# Hello! from your newest Tugger



## ogzy1 (Oct 7, 2010)

Hey Tuggers,

Newest newbie here, wish I had found this sight before I bought Disney retail:annoyed: 
Off to Disneyworld tomorrow staying at OKW, anyone have advise for me?
9 nights, spending 7 in the World and 2 at Universal to brave the crowds for Harry Potter. Help me now(sigh)

My trip was cut short and we have 5 adult Magic your way(one park a day) with Waterparks and more option that will have at least 3 or 4 days left, depending on how long I last. Can I offer these to the tuggers for only 250.00 total? Hope I am not breaking the rules here, but I have gotten so much good info I just want to give back. I can meet in Orlando Fri 10.15.10 early as we head out to Universal.

Again thanks for all the good info.


----------



## capjak (Oct 7, 2010)

First I do not think you would be able to give to someone else with different finger print?

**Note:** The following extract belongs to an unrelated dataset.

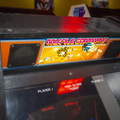 Missile Command marquee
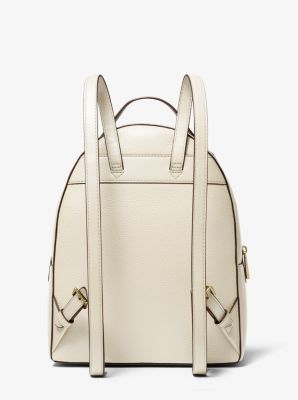 Valerie Medium Pebbled Leather Backpack | Michael Kors [US]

Second just go to customer service at a park and upgrade them to no expiration tickets than if you go back they will still be valid.


----------



## Carol C (Oct 26, 2010)

ogzy1 said:


> Hey Tuggers,
> 
> Newest newbie here, wish I had found this sight before I bought Disney retail:annoyed:
> Off to Disneyworld tomorrow staying at OKW, anyone have advise for me?
> ...



Did ya have a good time? Welcome to TUG!


----------



## ogzy1 (Oct 29, 2010)

*Had a great time at OKW*

Had a great time and loved OKW. great time to visit DW. Has any one stayed in the tree houses? We would like to go again in a couple of years.


----------



## blondietink (Nov 4, 2010)

We were there from October 17th - 24th.  It was awesome!  Best weather we have ever had .... no rain even forecast, mid 80's every day, Mickey's Not So Scarey Halloween Party, Food & Wine Fest, low crowd levels .... what more could you ask for?


----------



## rhonda (Nov 4, 2010)

Welcome, ogzy1!



ogzy1 said:


> Has any one stayed in the tree houses?


We enjoyed a Treehouse week in early Dec 2009.  Lovely -- lots of theming but with some compromises (queen bed in master not a king, only 2 bathrooms).  I loved it for four adults, could even see comfortably sleeping 6 -- but I'd feel far too crowded filling it to max occupancy (9).


----------